Blackstone Group L.P. is on the verge of snapping up a majority interest in 40 high-quality shopping centers. UBS, which co-owns the collection of U.S. retail properties with Kimco Realty Corp., will sell its controlling interest to Blackstone for $1.1 billion. Kimco disclosed the information during its fourth quarter earnings call on February 6 and Bloomberg was the first to report it the following day.
“During the quarter, Blackstone signed a definitive agreement with UBS Wealth Management North American Property Fund to purchase their equity interest in two large Kimco-managed UBS retail joint ventures, encompassing 40 high-quality shopping centers containing approximately 5.6 million square feet,” David B. Henry, Kimco president and CEO, said during the call.”
Kimco, which owns and operates the largest portfolio of neighborhood and community shopping centers in North America, is also getting a bigger piece of the pie. Per a preliminary agreement with Blackstone, the REIT will boost its ownership stake in the high-quality portfolio from 18 percent to 33 percent.
Additionally, as per the agreement, Kimco will stay on board as manager and leasing services provider for the properties. The REIT is keen on its new partner in the portfolio. “We have a great working relationship with [Blackstone],” Henry said during the call. “As you may remember, they purchased our Valad note, and we did work with them on the original Centro transaction so we have a good working relationship with them.”
A Blackstone spokesperson declined to comment on the deal.
The retail real estate market is a nice business to be in these days.
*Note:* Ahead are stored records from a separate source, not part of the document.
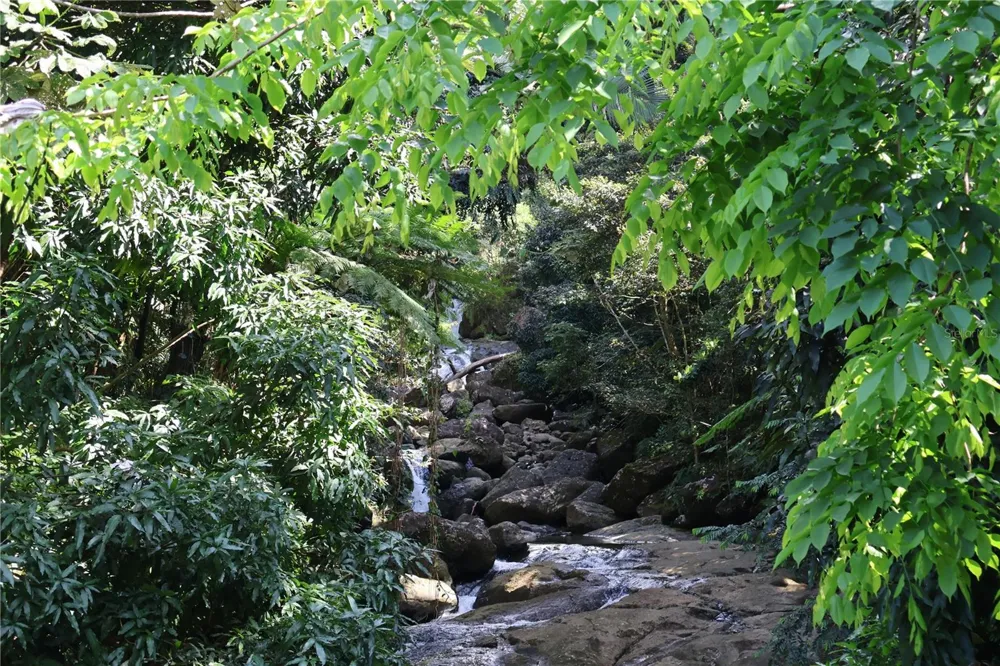 9966 CARRETERA Rio Grande, PR 00745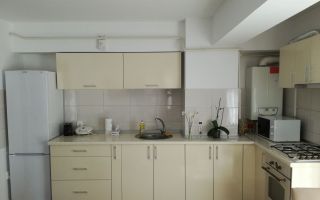 Apartament 2 camere, Nicolina – Lidl | 44,7 mp | Etaj 1 | 115.000 € - Poză 2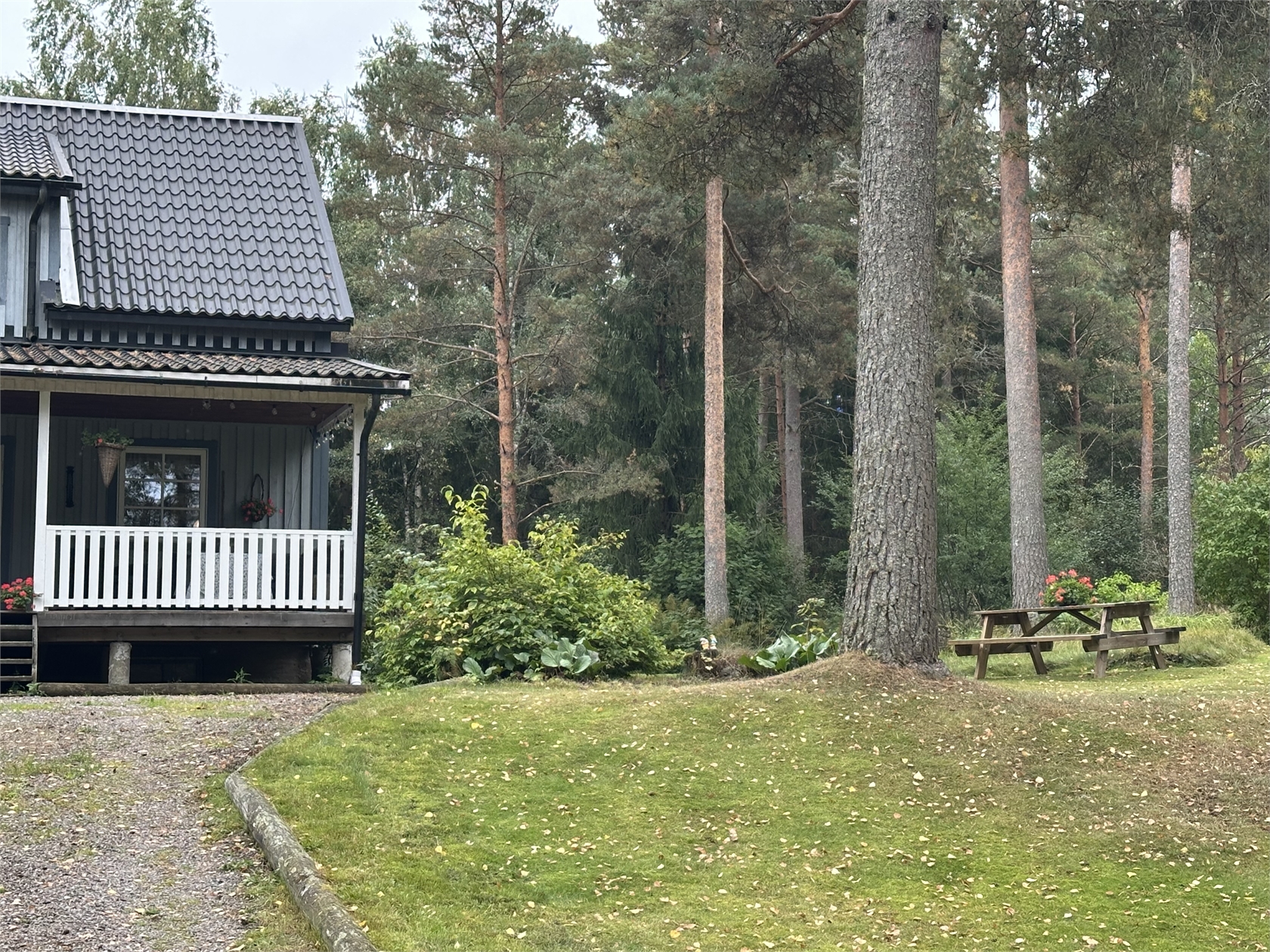 tors 1/10 – bild 5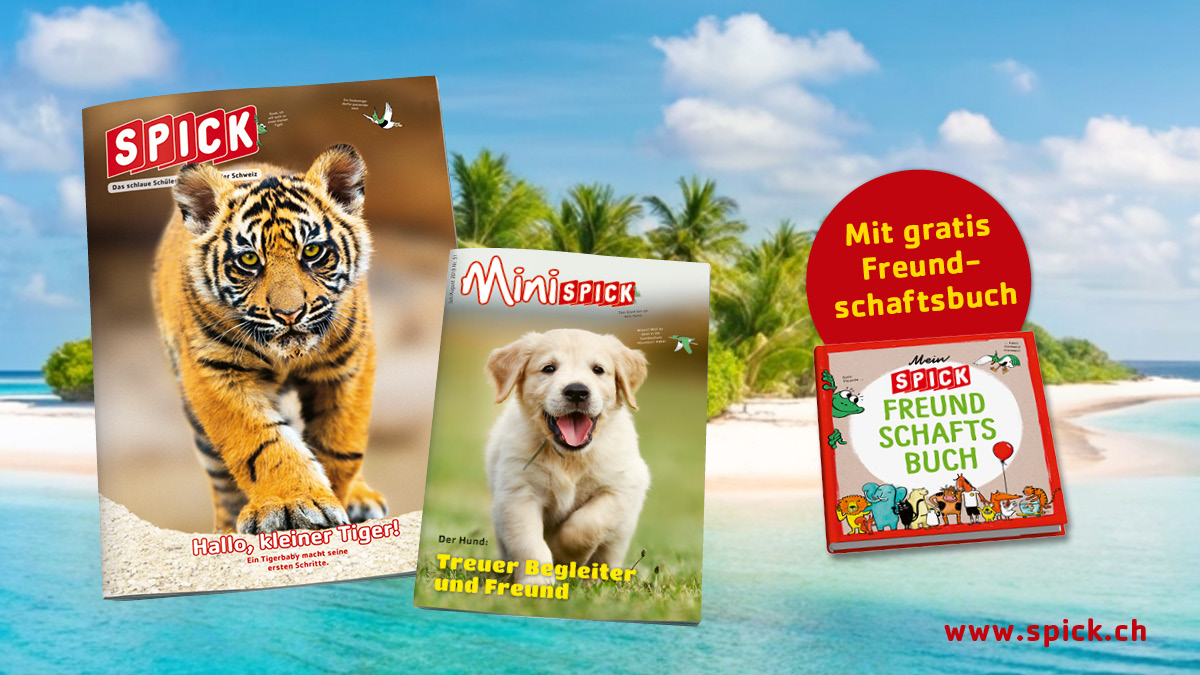 SPICK & MiniSPICK Spezialangebot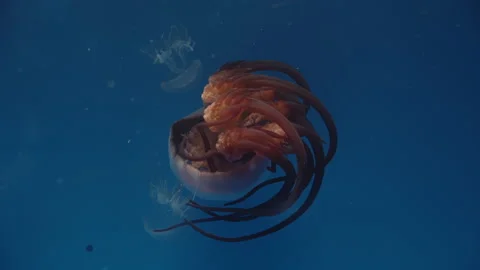 Flame jellyfish - its red tentacles appear flames Stock Footage 221198556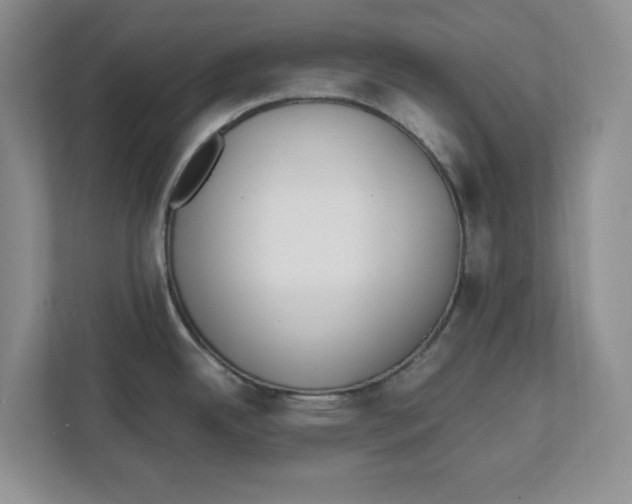 X0000111851342200908131431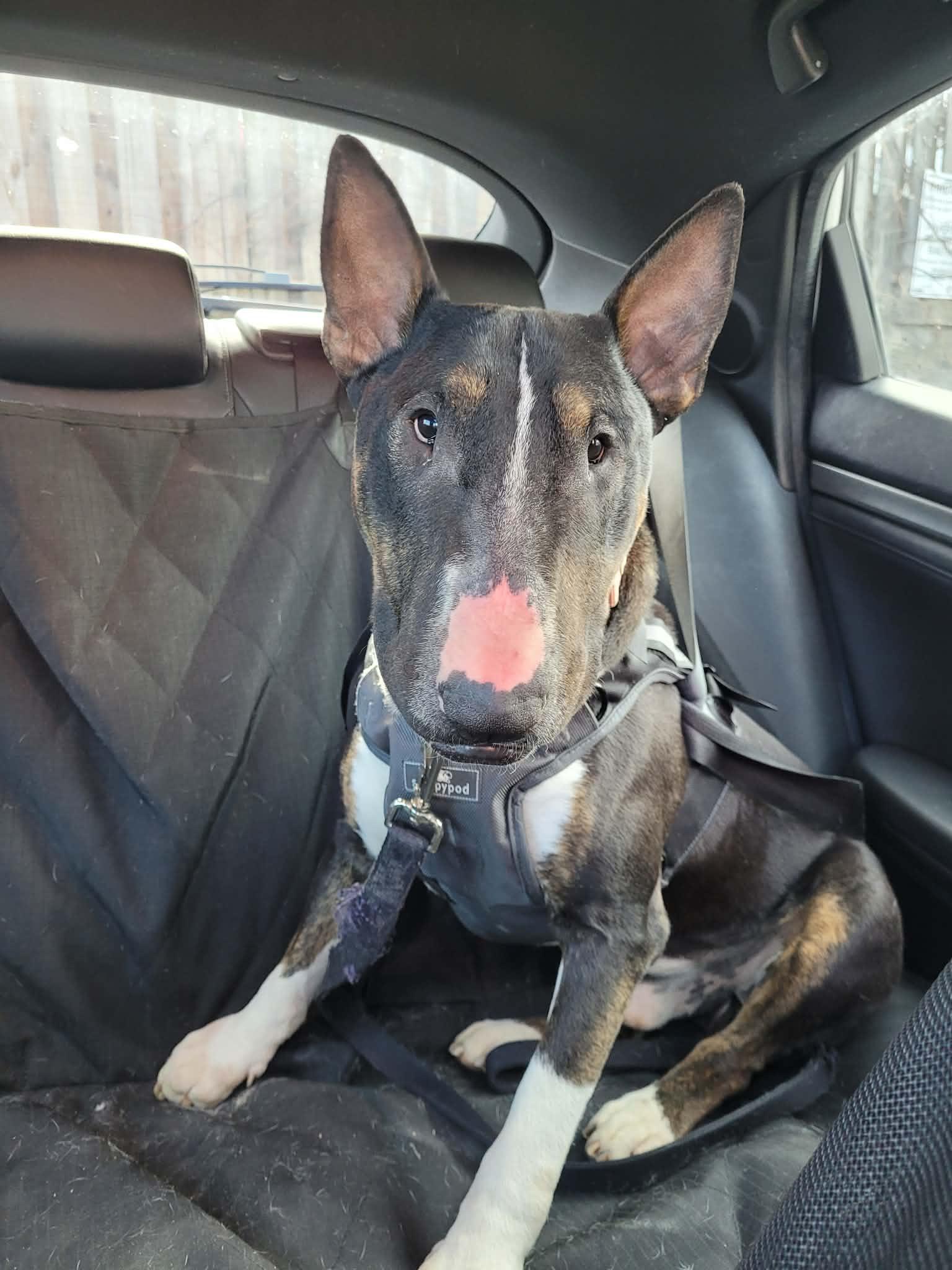 Enlarge 26-023 Bosco, a Adoptable Bull Terrier in Charlotte, NC image 3/6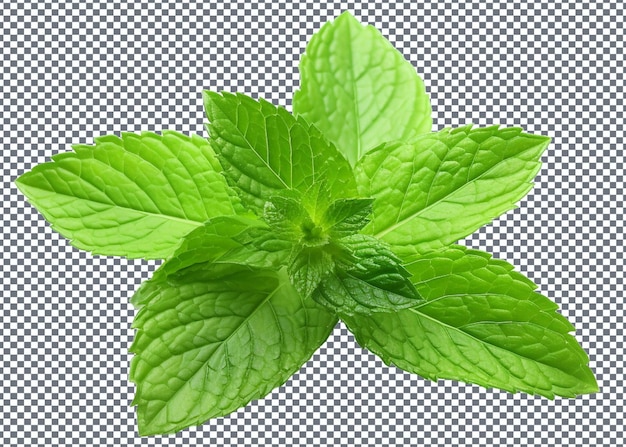 PSD feuilles de menthe fraîches isolées sur un fond transparent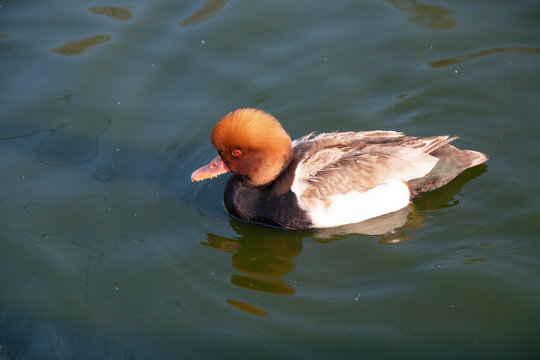 Canard nette rousse -Netta rufina - en promenade sur l'étang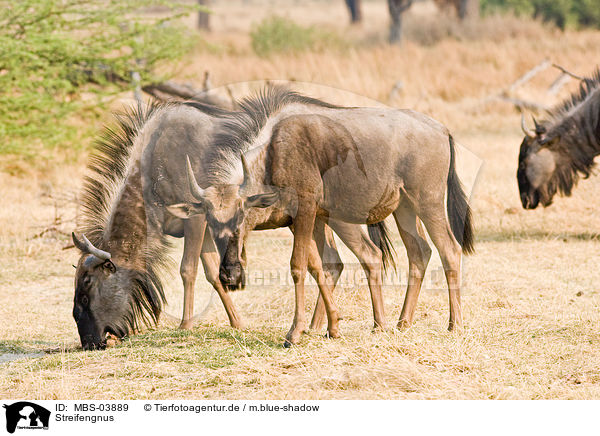 Streifengnus / blue wildebeests / MBS-03889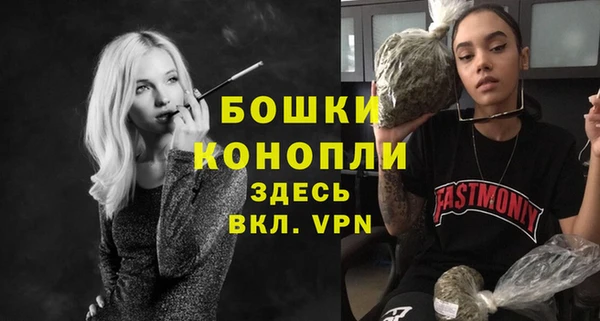 сатива Козловка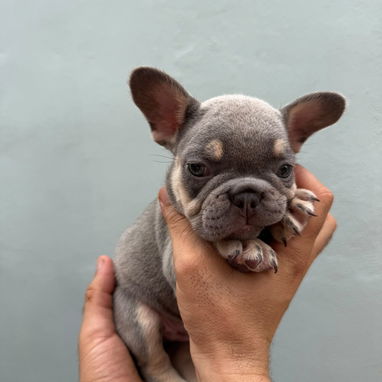 Frenchie - Img 125559648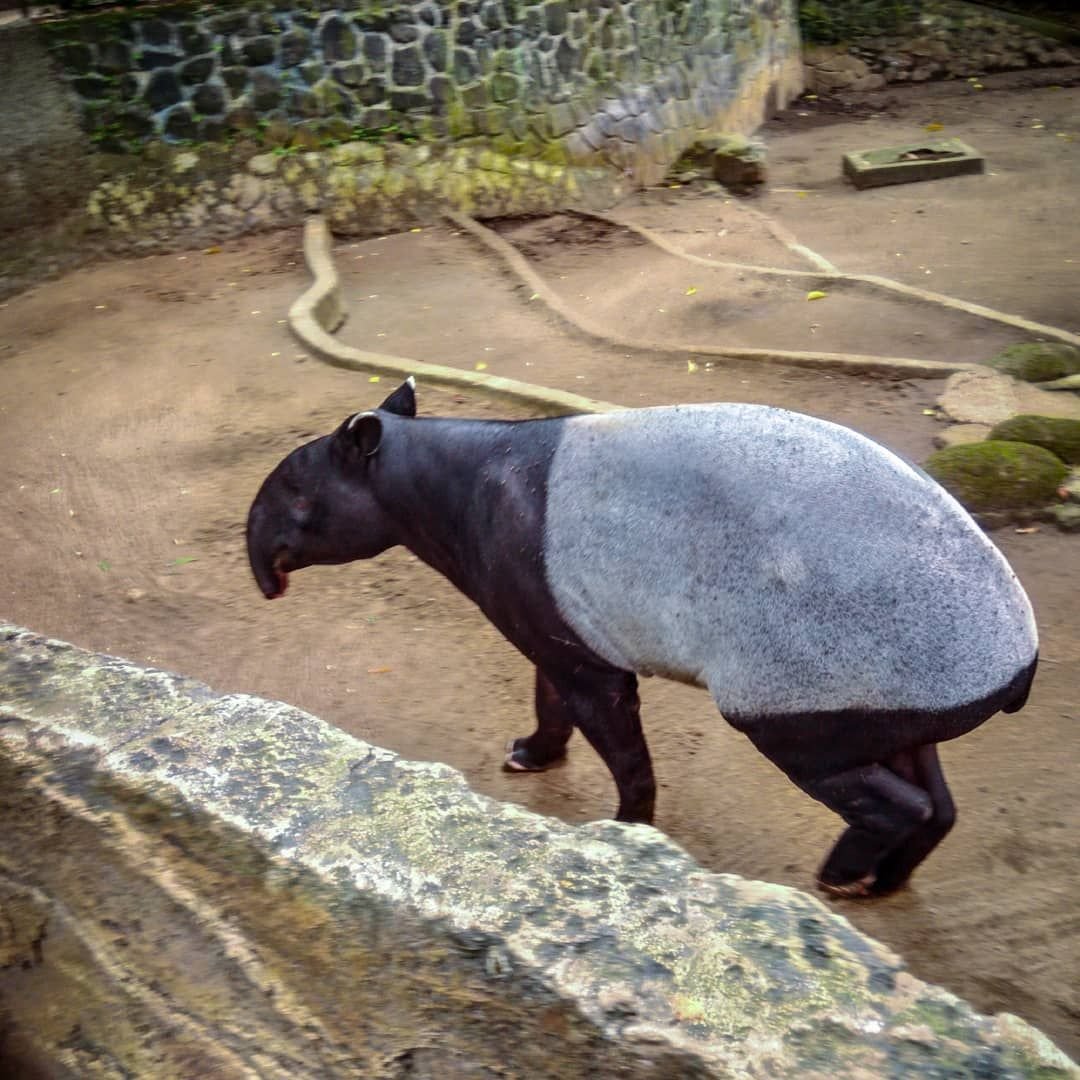 Гигантский тапир с длинной шеей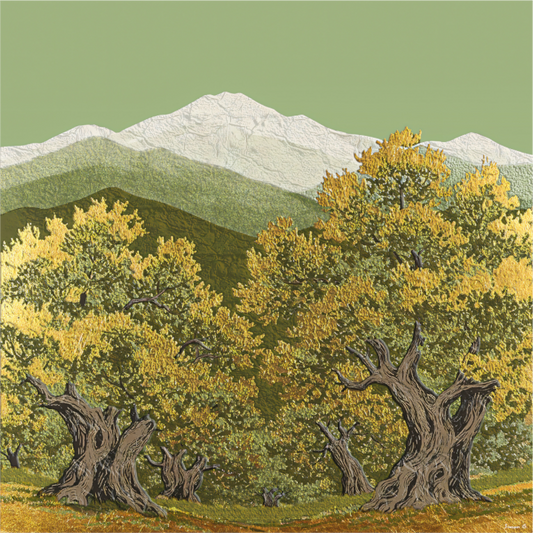 Ancient Olive Grove, Olive and Gold Collection 2025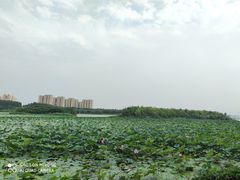 -丁香湖公园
Perhaps it has not caught up to multi-family in terms of being the favorite sector among investors, but it is certainly quite high on the radar. “The retail market clearly has continued to improve on an operating fundamental basis,” David Bujnicki, a spokesperson with Kimco, told Commercial Property Executive, basing his comments on numbers from the fourth quarter results Kimco reported this week. “Kimco and many of the strip-sector peers continue to report increasing occupancy, same-site NOI and leasing spreads, which is driven in part by the fact that there has been no new retail development in the marketplace, with national retailers continuing to look to increase their store counts.”